Vim Fuego
Let's see… Three Japanese girls playing punk. Great! Another Shonen Knife–type, happy poppy/punk band, right? Japanese girls are all sweet, innocent, demure and cute, right? Wrong!
The racket these three girls produce is about as far removed from Shonen Knife as The Exploited is from Green Day. Imagine a faster Fudge Tunnel with harsher female vocals, and you'll be somewhere near the mark. This is music stripped back to its barest skeleton, as dangerous and tough as the titanium remains of Big Arnie's original Terminator incarnation after it's run in with a blazing petrol tanker. The riffs are enormous and used sparingly. Each song seems to be built around one huge riff, and follow a fairly consistent pattern– the riff stomps through the introduction, then the whole band spazzes out, with the vocalist ranting and groaning over everything. From time to time the odd minimalist solo is dropped in, just to break things up a little. It may sound formulaic, but it's anything but.

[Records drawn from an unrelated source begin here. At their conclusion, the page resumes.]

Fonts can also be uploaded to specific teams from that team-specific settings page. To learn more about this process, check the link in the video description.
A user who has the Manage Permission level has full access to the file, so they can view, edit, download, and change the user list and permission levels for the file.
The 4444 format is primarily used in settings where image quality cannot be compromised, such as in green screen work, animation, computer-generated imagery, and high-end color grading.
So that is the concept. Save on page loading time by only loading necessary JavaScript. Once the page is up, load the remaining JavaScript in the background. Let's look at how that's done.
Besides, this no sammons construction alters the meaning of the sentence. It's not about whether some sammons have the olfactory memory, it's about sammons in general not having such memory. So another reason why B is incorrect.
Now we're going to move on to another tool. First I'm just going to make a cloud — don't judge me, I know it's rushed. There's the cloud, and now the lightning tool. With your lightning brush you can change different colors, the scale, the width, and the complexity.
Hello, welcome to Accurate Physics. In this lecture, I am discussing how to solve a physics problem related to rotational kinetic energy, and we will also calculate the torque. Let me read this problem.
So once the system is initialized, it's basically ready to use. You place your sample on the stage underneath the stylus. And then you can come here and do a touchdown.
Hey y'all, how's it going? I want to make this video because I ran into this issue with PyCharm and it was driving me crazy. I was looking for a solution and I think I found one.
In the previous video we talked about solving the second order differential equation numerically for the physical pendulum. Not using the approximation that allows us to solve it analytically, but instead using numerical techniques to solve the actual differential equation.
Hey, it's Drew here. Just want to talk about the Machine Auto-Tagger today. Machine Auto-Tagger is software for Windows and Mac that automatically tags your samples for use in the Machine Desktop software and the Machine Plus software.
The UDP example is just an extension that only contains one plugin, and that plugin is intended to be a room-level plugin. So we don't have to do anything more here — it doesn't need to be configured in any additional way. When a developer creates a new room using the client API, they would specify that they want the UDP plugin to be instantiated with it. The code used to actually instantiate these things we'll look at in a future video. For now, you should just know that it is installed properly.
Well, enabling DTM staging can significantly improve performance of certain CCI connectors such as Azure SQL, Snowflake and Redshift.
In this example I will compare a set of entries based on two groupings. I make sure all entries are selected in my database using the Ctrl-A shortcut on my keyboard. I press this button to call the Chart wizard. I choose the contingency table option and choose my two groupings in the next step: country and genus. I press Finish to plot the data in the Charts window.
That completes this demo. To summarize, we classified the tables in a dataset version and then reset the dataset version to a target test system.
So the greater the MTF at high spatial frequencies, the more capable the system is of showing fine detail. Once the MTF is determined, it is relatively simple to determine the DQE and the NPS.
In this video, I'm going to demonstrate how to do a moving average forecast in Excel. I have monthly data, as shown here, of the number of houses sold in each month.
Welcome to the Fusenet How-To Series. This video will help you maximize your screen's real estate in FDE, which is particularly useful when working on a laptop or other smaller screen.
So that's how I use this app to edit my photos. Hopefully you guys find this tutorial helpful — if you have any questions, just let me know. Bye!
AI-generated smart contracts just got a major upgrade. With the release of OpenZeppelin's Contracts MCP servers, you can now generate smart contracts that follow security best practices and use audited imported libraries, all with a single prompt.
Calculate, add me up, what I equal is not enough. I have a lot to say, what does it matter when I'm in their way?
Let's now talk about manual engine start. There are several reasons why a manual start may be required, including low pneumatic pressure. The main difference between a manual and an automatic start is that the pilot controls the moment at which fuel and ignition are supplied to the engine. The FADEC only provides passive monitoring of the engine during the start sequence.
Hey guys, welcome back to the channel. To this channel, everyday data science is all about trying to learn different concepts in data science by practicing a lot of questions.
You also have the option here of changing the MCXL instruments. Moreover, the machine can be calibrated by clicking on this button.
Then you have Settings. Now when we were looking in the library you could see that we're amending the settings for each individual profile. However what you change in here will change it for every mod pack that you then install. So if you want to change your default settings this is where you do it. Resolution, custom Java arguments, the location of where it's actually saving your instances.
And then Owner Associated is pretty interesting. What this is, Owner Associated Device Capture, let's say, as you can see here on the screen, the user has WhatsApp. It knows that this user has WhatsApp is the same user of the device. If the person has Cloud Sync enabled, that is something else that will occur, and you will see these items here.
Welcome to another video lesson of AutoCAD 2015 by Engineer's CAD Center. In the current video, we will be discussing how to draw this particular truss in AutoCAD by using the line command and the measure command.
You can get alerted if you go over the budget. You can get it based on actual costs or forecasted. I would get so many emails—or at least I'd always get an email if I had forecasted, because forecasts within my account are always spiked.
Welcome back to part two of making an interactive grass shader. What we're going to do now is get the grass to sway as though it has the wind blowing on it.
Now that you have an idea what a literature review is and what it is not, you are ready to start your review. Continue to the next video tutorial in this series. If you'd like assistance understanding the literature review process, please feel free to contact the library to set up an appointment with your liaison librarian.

The lyrics? Oh dear, the lyrics… These make Lawnmower Deth seem positively Shakespearean in comparison! "I knocked my ass/but I didn't have pain/but I had a tail!/oh, my god!/why have I bear's tail?/I wanna dog's tail" (“Hip Tail”) or "More eat hat fat, eat hat fat/fortune cookie agreeable to me" (“Eat Hat Fat”). While the lyrics are laughable to English speakers, Kaori Okumura spits them out with venom and conviction. She sounds permanently pre–menstrual and pissed off, and you would honestly not want to ask her what she means when she's screaming "I'm not you, you're not I/live in somewhere/die in somewhere" (“I Know”), you'd just accept it. Her throaty roar on "Iron Woman" would make even a seasoned shouter like Billy Milano envious. It seems like the band must have written the lyrics in their native language and translated everything literally with a dictionary. It fits the music perfectly though.
Yellow Machinegun once supported Limp Bizkit, but don’t hold that against them, because they’ve also played and worked with S.O.D. This may be a very difficult album to find, but if you want to find something different from the run of the mill, which gives you a small insight into the Japanese psyche, then this is well worth the effort.